Andersen Chang\(^*\), Tiffany M. Tang\(^*\), Tarek M. Zikry\(^*\), Genevera I. Allen

Published

June 4, 2025

Introduction

The emergence of large spectroscopic surveys of the Milky Way has led to significant interest in studying the chemical origins of the Galaxy’s formation. In particular, researchers are often interested in understanding how stars were formed or evolved chemodynamically over large periods of time. To this end, previous work has shown that in the process of forming a stellar body, parent molecular clouds can produce hundreds of stars in a single burst (Krumholz et al. 2014), but due to astronomical dynamics, these shared origins are challenging to find.

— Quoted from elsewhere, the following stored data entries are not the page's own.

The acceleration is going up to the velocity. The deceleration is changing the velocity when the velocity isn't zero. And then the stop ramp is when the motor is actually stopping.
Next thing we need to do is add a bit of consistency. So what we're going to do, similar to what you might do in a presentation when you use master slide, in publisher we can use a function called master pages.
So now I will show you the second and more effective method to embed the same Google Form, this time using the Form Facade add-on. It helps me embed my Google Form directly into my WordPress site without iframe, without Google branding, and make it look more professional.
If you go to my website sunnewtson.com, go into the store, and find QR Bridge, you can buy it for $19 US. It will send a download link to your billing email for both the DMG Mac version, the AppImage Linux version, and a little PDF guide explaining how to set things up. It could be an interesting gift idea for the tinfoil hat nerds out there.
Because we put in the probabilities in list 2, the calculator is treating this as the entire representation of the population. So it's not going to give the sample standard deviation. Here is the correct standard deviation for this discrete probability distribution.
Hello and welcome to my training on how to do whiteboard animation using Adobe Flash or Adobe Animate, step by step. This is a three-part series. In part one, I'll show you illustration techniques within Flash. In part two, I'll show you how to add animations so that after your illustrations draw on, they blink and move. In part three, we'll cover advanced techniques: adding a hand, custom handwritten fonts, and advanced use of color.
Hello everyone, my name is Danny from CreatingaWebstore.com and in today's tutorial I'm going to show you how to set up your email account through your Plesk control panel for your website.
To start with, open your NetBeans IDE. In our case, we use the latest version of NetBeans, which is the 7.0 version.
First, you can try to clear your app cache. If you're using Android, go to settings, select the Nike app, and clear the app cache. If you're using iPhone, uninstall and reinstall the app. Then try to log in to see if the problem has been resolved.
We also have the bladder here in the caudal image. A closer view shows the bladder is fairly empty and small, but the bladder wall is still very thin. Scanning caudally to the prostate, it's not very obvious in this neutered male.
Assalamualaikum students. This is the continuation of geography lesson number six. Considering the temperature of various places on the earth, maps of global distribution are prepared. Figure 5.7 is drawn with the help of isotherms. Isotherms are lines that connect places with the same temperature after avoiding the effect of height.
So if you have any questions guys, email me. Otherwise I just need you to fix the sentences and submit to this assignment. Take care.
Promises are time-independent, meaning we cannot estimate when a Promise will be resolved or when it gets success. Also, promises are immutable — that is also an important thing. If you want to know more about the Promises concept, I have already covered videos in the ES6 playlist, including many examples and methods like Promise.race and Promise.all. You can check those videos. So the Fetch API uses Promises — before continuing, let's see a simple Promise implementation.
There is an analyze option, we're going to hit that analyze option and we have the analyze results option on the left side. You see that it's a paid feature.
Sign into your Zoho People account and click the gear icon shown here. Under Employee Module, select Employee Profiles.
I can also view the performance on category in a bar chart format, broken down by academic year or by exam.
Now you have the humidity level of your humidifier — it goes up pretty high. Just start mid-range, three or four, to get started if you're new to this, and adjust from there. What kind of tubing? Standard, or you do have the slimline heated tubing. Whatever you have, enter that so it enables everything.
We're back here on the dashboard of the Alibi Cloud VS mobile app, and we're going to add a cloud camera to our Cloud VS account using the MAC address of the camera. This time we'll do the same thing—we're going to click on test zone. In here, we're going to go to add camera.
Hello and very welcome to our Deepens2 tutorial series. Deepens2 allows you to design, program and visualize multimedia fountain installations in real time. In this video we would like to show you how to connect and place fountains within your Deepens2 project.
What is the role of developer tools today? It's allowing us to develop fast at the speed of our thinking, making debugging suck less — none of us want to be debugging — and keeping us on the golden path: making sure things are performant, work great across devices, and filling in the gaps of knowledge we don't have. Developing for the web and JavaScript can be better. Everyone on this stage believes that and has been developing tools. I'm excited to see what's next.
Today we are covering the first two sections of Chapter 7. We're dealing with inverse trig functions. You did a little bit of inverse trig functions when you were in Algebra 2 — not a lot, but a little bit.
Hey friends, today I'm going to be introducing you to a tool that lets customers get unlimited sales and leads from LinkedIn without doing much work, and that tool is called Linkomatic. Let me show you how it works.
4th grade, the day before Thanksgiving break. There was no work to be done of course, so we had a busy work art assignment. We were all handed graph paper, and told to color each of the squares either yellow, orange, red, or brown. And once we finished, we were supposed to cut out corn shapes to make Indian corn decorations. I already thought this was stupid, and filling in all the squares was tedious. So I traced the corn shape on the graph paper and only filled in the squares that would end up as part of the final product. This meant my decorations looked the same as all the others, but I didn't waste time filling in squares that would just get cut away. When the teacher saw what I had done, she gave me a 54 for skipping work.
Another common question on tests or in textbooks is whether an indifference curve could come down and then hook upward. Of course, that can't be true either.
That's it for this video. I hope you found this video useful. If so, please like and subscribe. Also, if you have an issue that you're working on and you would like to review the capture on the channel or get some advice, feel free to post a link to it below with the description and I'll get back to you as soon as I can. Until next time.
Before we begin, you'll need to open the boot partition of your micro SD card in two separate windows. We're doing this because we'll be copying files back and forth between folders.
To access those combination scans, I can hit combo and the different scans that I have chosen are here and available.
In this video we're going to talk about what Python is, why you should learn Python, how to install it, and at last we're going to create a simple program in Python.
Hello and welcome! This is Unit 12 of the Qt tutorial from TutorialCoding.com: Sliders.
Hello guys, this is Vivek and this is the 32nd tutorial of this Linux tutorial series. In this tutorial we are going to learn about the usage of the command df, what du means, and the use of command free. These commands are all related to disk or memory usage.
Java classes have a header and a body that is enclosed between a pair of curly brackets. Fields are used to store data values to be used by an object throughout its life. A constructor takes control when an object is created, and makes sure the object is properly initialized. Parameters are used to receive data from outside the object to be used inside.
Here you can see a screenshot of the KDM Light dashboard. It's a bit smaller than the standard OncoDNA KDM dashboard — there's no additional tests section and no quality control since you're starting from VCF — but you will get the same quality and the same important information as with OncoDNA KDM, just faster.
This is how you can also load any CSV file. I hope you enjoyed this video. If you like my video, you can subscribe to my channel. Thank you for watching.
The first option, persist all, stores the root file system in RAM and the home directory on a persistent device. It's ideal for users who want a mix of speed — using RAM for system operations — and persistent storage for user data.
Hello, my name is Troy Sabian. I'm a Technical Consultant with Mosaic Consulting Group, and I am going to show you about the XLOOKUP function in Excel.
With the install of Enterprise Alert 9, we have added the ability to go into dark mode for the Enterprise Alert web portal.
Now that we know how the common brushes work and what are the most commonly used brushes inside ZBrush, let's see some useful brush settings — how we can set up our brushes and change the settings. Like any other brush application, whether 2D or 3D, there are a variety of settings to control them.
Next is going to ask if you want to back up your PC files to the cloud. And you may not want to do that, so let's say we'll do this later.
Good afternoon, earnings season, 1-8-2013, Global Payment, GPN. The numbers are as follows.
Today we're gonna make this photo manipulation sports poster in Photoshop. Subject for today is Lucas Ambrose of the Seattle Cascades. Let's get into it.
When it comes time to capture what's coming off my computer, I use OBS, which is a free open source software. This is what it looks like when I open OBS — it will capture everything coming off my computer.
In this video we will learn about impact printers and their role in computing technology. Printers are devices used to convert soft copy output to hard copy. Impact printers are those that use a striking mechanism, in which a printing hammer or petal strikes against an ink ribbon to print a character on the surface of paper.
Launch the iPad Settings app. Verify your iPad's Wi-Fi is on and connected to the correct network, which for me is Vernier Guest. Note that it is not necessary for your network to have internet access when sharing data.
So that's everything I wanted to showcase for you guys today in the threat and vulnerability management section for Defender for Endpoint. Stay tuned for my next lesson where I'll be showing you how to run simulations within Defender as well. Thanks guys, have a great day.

In this case study, we will leverage the Apache Point Observatory Galactic Evolution Experiment (APOGEE) DR17 (Prieto et al. 2008), a large high-resolution spectroscopic survey of stars comprising the disk (i.e., the primary area of the Milky Way’s stellar mass), in order to identify groups of stars in the Milky Way with similar chemical properties and gain insights into the shared origins of stars that were formed together.

Outline

In what follows, we will walk through an unsupervised machine learning workflow for scientific discovery, namely, to discover common origins of stars in the Milky Way. To this end, we will proceed through the following steps:

  • Data Preparation and Cleaning: We begin by loading in the data, performing some basic quality control filtering and cleaning, and splitting the data into a training and test set.
  • Exploratory Data Analysis: We then conduct a brief exploratory data analysis to better understand various characteristics of the data.
  • Dimension Reduction: We further implement various dimension reduction techniques (and tune their hyperparameters) to both visualize the data in a lower-dimensional space and to prepare for clustering.
  • Clustering (training): Next, we fit various clustering techniques on multiple versions of the training data (e.g., using different ways of preparing the data) and perform model selection and hyperparameter tuning based upon the stability of the resulting clusters.
  • Clustering (validation): We then validate the clustering results on the test set (e.g., via generalizability metrics and its stability across alternative data preprocessing pipelines).
  • Interpretation of Clustering Results: Finally, we re-fit the best clustering pipeline on the full data and interpret the final clusters in the context of the scientific question at hand.

References

Krumholz, Mark R, Matthew R Bate, Hector G Arce, James E Dale, Robert Gutermuth, Richard I Klein, Zhi-Yun Li, Fumitaka Nakamura, and Qizhou Zhang. 2014. “Star Cluster Formation and Feedback.” arXiv Preprint arXiv:1401.2473.
Prieto, C Allende, SR Majewski, R Schiavon, K Cunha, P Frinchaboy, J Holtzman, K Johnston, et al. 2008. APOGEE: the Apache point observatory galactic evolution experiment.” Astronomische Nachrichten: Astronomical Notes 329 (9-10): 1018–21.